Kemudian, sambung Darmon, pada hari Jumat (17/7/2020), sekitar pukul 09.00 WIB, kliennya datang sendiri ke Unit IV/Subdit 3 Resmob Polda Metro Jaya berdasarkan telepon dari sopir truk bernama Aminhar Alias Yamin Bin Bedur.

Kedatangan Johan saat itu, hanya untuk mengkonfirmasi proses penangkapan terhadap sopir truk tersebut.

“Penyidik melakukan pemeriksaan terhadap klien kami sebagai saksi sejak pukul 10.30 WIB sampai dengan pukul 15.00 WIB. Kemudian, masih di hari yang sama, klien kami kembali diperiksa sebagai tersangka dari pukul 19.00 WIB sampai pukul 22.00 WIB, setelah itu langsung dilakukan penahanan,” ungkap Darmon.

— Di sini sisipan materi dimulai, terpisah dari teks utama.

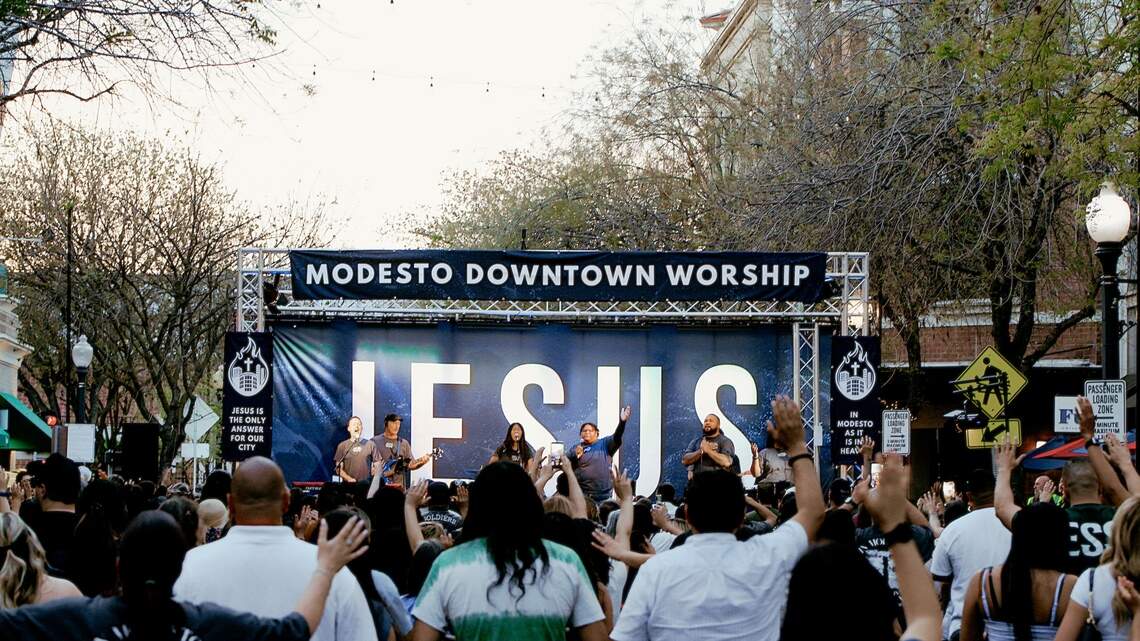 Modesto Roadsters’ Faith Fest makes a connection with the Christian community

Ia menegaskan, apa yang dilakukan penyidik terhadap kliennya tidak sah secara hukum. Pasalnya, kliennya sama sekali belum pernah dipanggil secara resmi oleh penyidik sesuai ketentuan hukum sebagaimana diatur didalam KUHAP Pasal 112 ayat (1).

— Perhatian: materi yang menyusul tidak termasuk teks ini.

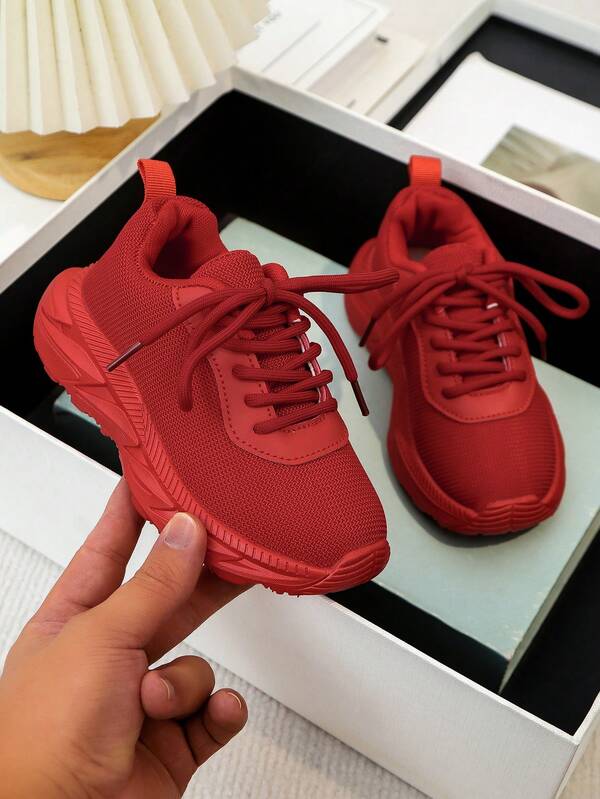 Novos calçados esportivos infantis, tênis de corrida para meninas, calçados casuais, tênis esportivos infantis, tênis de sola macia para atividades ao ar livre, tênis versáteis de sola macia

“Pasal 112 ayat (2) KUHAP menyatakan bahwa Penyidik yang melakukan pemeriksaan, dengan menyebutkan alasan pemanggilan secara jelas, berwenang memanggil tersangka dan saksi yang dianggap perlu untuk diperiksa dengan surat panggilan yang sah dengan memperhatikan tenggang waktu yang wajar antara diterimanya panggilan dan hari seorang itu diharuskan memenuhi panggilan tersebut,” papar Darmon, didampingi kuasa hukum lainnya Parisman Sihaloho, John Baginda S Siregar, dan Heppi Florensia.

“Klien kami datang ke Unit IV/Subdit 3 Resmob Polda Metro Jaya bukan atas panggilan resmi dari penyidik dan tanpa surat panggilan yang resmi yang diberikan kepada klien kami sebagaimana yang diatur dalam Pasal 17 Peraturan Kepala Kepolisian Republik Indonesia Nomor: 6 Tahun 2019 Tentang Penyidikan Tindak Pidana,” tandas Advokat senior ini.

Untuk itu, pihaknya melakukan upaya hukum Praperadilan untuk menguji tentang prosedur penetapan tersangka terhadap kliennya yang dinilainya telah menyalahi aturan hukum.

Sidang Praperadilan terhadap Polda Metro Jaya di PN Jakarta Selatan/ist

Sementara itu, dalam persidangan, majelis hakim menyatakan akan kembali melanjutkan sidang Praperadilan pada Senin (28/9/2020) mendatang.

Majelis Hakim tidak mengabulkan permohonan lisan dari pihak kuasa hukum agar sidang digelar pada Senin (21/9/2020), dengan alasan pandemi Covid-19.